2) The Florida whitetail,Odocoileus virginianus seminolus, Native to Florida and extreme South Georgia counties. Smaller than The Virginia Whitetail this is a good-sized deer with a good rack. Some have antlers as impressive as the Virginia deer although the spread is not usually as wide.
3) The Blackbeard Island whitetail,Odocoileus virginianus nigribarbis, is found only on the Georgian Islands. The smallest of the three recognized Georgia sub-species, a medium-sized deer with fairly small antlers that are heavily ridged at the base.
The Southeast United States naturally had an abundant population of native whitetail when the first settlers appeared. Due to market hunting, dog hunting, trapping, heavy timber cutting and expansion of agricultural developments the whitetail were nearly completely wiped out within sixty years of initial settlement. The only remaining populations of native deer were along the coastal marshes and a few plantations in the piedmont and lower coastal plain. Very little was done from 1895 to 1928 to restore the lost whitetail, until a resurgence of interest in whitetail hunting as a recreation lead to the initial restocking efforts.
Most of the restocking efforts in Alabama, Georgia, and South Carolina were conducted between 1928-1970. Alabama and South Carolina were restocked from sources mostly within their own state. Georgia chose a different route than its neighbors by restocking from several different sources outside the state as well as within the state. The primary sources of whitetail in the Georgia restocking were Wisconsin, Texas, and The Islands of Georgia.
The northern part of the state was primarily restocked with whitetail from Texas and North Carolina, there is no
record of what area of Texas these deer came from. The Piedmont region of central Georgia was restocked from a variety of areas including Texas, Wisconsin, Piedmont NWR, Jekyll Island, and Kentucky. The majority of the deer in the piedmont restocking efforts came from Wisconsin. The South Eastern portion of the state’s coastal plain was primarily stocked from the islands of Georgia. Fewer counties received deer in the South Western or upper coastal plain, however all of the deer that these counties received were restocked with Wisconsin whitetail.
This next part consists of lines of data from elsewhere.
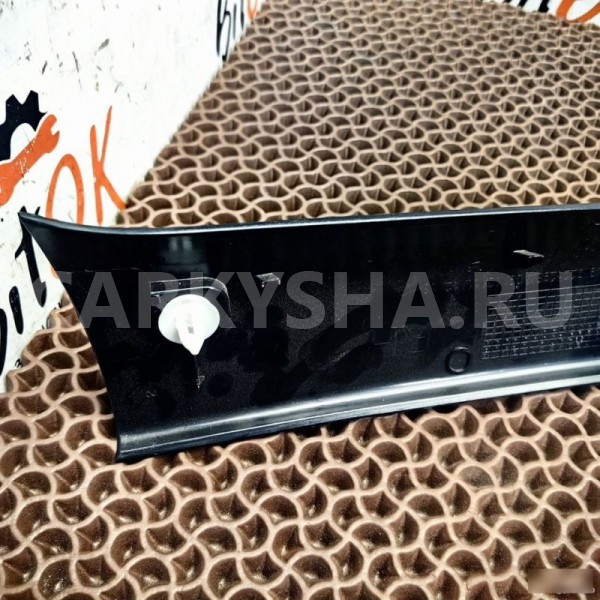 Обшивка крышки багажника BMW X3 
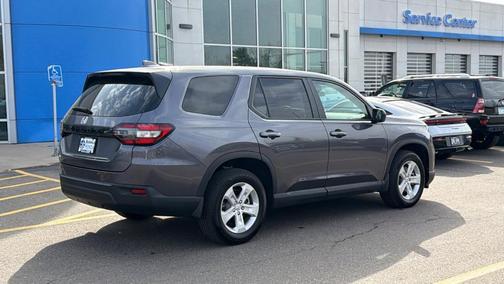 Gray 2024 Honda Pilot LX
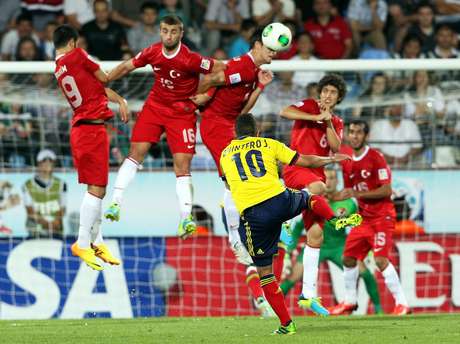 Quinteros fez o gol da vitória da Colômbia Quinteros fez o gol da vitória da Colômbia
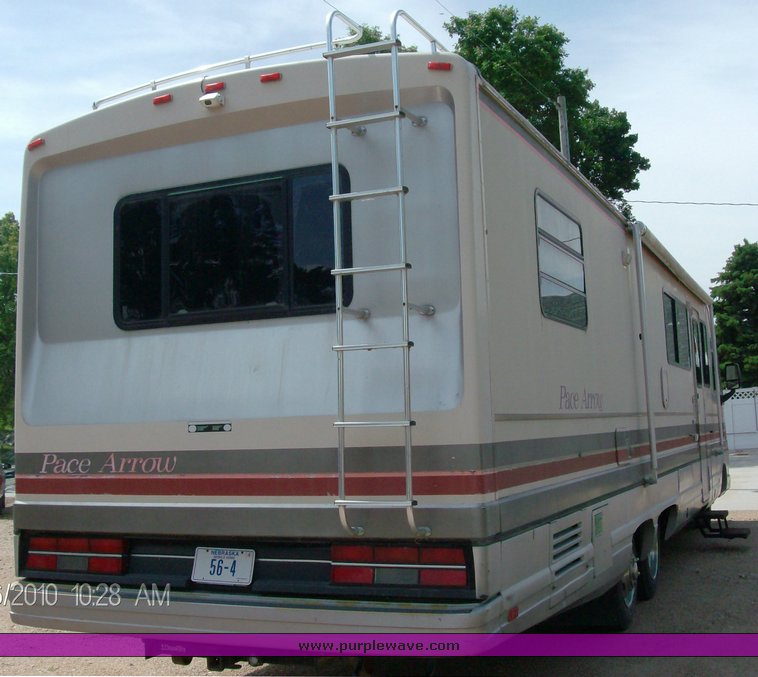 image for item 1009 1991 Pace Arrow Class A 37' motor home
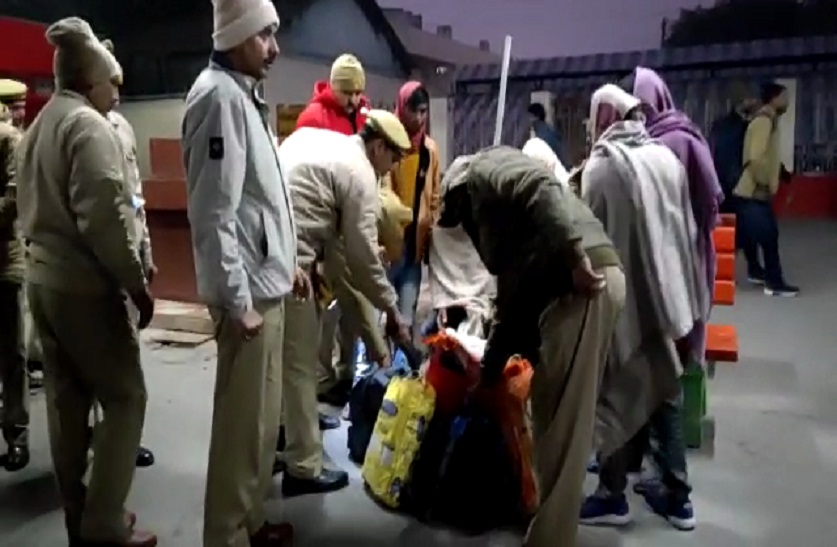 MockDrill: गाजीपुर स्टेशन पर बम की सूचना, GRP ने घेरा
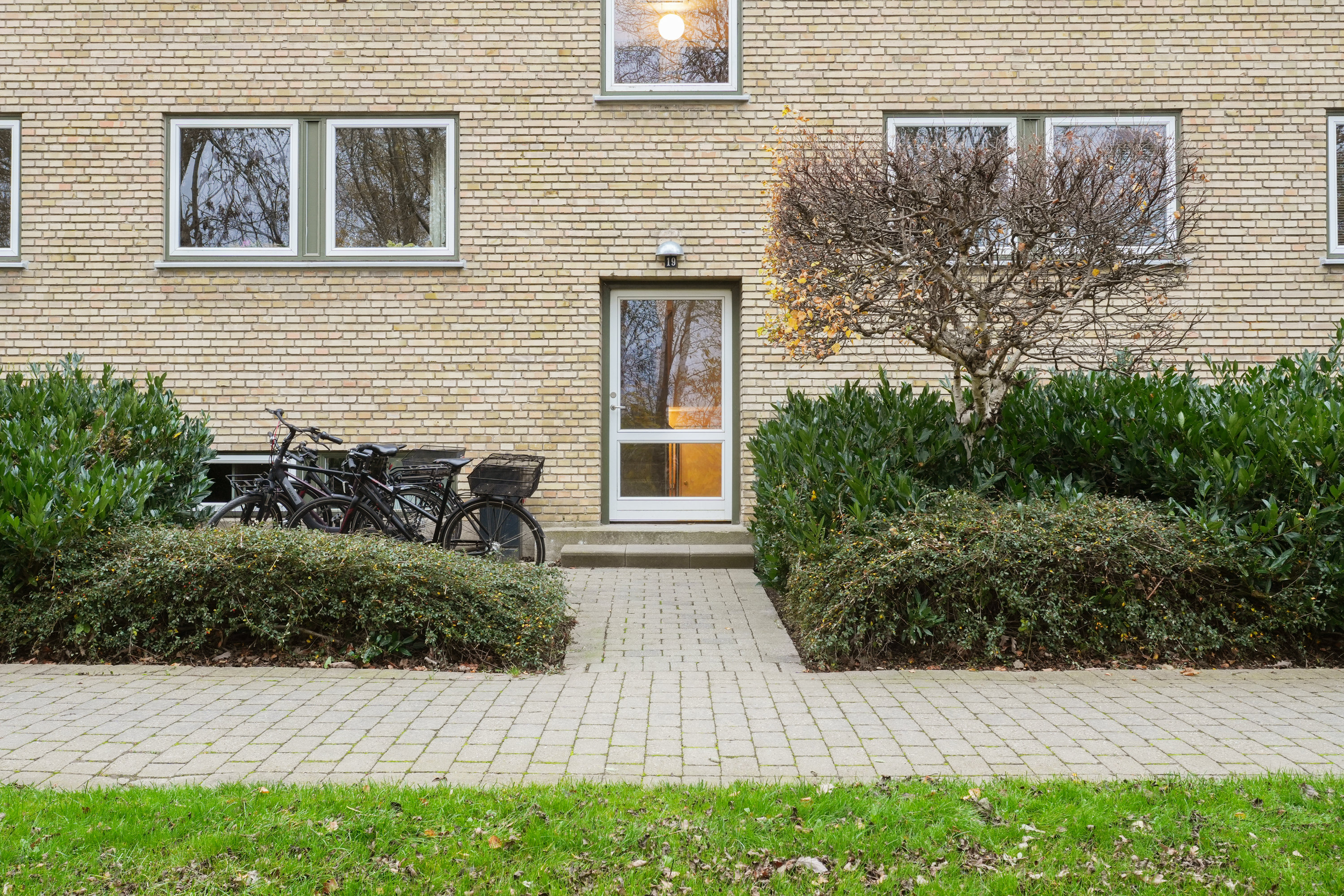 Fremhævet andet billede i fuldskærmstilstand. Billede af Bakkekrogen 19, 1. 2., 3460 Birkerød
4) The Texas whitetail, Odocoileus virginianus texanus, is found in western Texas, Oklahoma, Kansas, southeastern Colorado, eastern New Mexico, portions of Mexico. Its body is much smaller than that of the more northerly deer but it is the largest of the southern forms. The antlers are slender but wide and have produced several record heads in the top twenty-five.
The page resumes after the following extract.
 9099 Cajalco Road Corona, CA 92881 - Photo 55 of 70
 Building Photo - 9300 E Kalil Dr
5)The northern woodland whitetail,Odocoileus virginianus borealis It has the largest range, being found in Maryland, Delaware, New Jersey, Pennsylvania, Ohio, Indiana, Illinois, Minnesota, Wisconsin, Michigan, New York, Connecticut, Rhode Island, Massachusetts, New Hampshire, Vermont, Maine, and the Canadian provinces of New Brunswick, Nova Scotia, Quebec, Ontario, and a portion,of Manitoba. It is the largest and generally the darkest in coloration of all whitetail and has produced 6 of the top 20 record book entries.
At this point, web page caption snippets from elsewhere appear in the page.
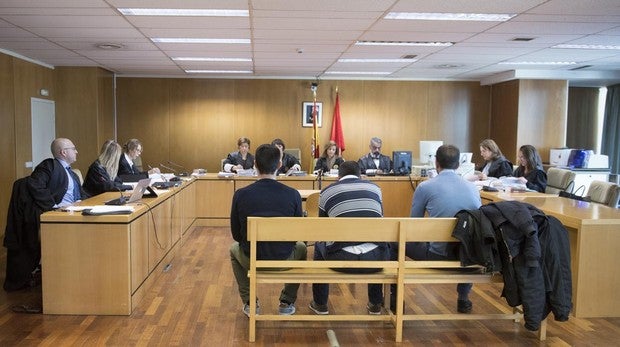 La Fiscalía pide el ingreso en prisión de los miembros de la Manada de Villalba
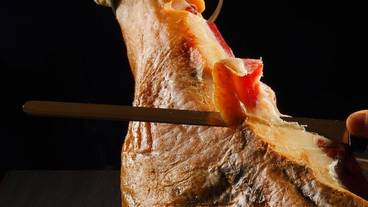 食事・飲み物 / 3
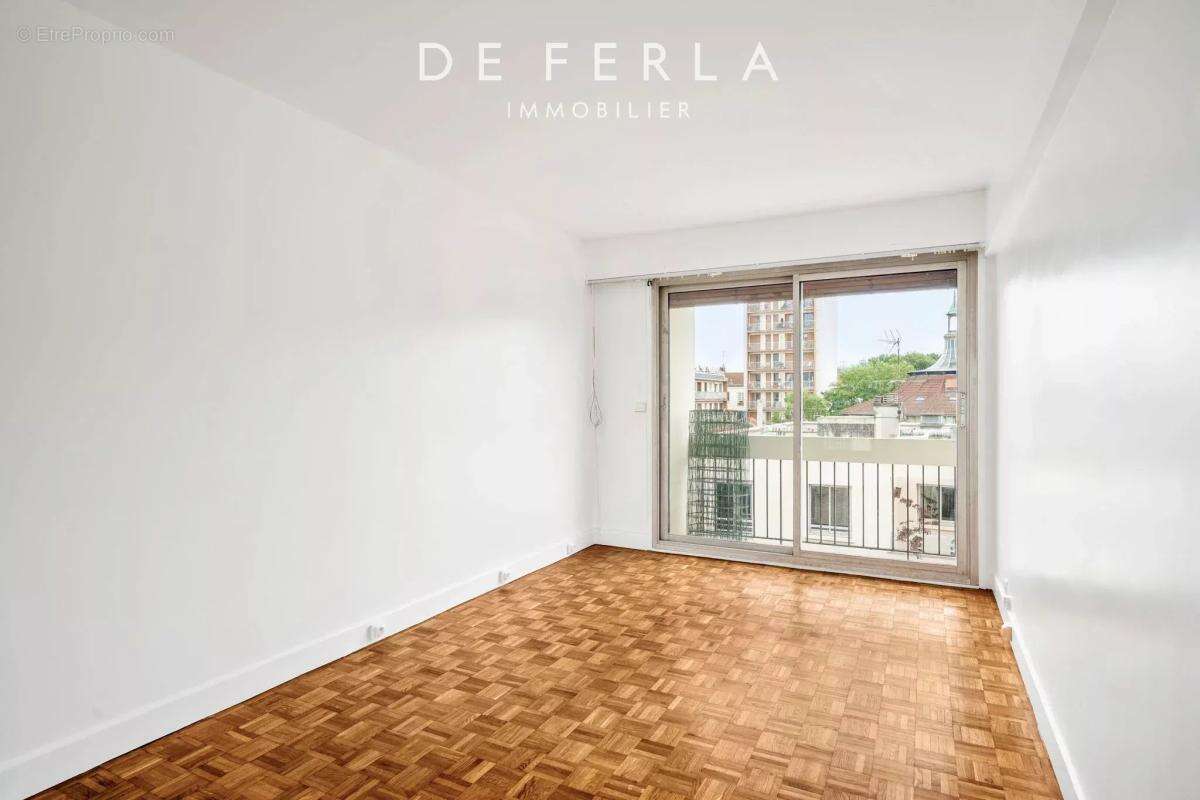 Appartement à PARIS-15E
The choice to restock the state from various sources has resulted in a variety of hybrid whitetail subspecies throughout the state. I believe these restocking efforts have also contributed to the amount of trophy deer that have been produced by the state. I also believe there is a direct correlation between these restocking efforts and the number of trophy animals that have been produced in certain regions and counties throughout the state.
If you compare the restocking map and the B&C county map you will see that the counties that have historically produced the largest bucks in Georgia are directly correlated to the counties that were restocked from Wisconsin whitetail.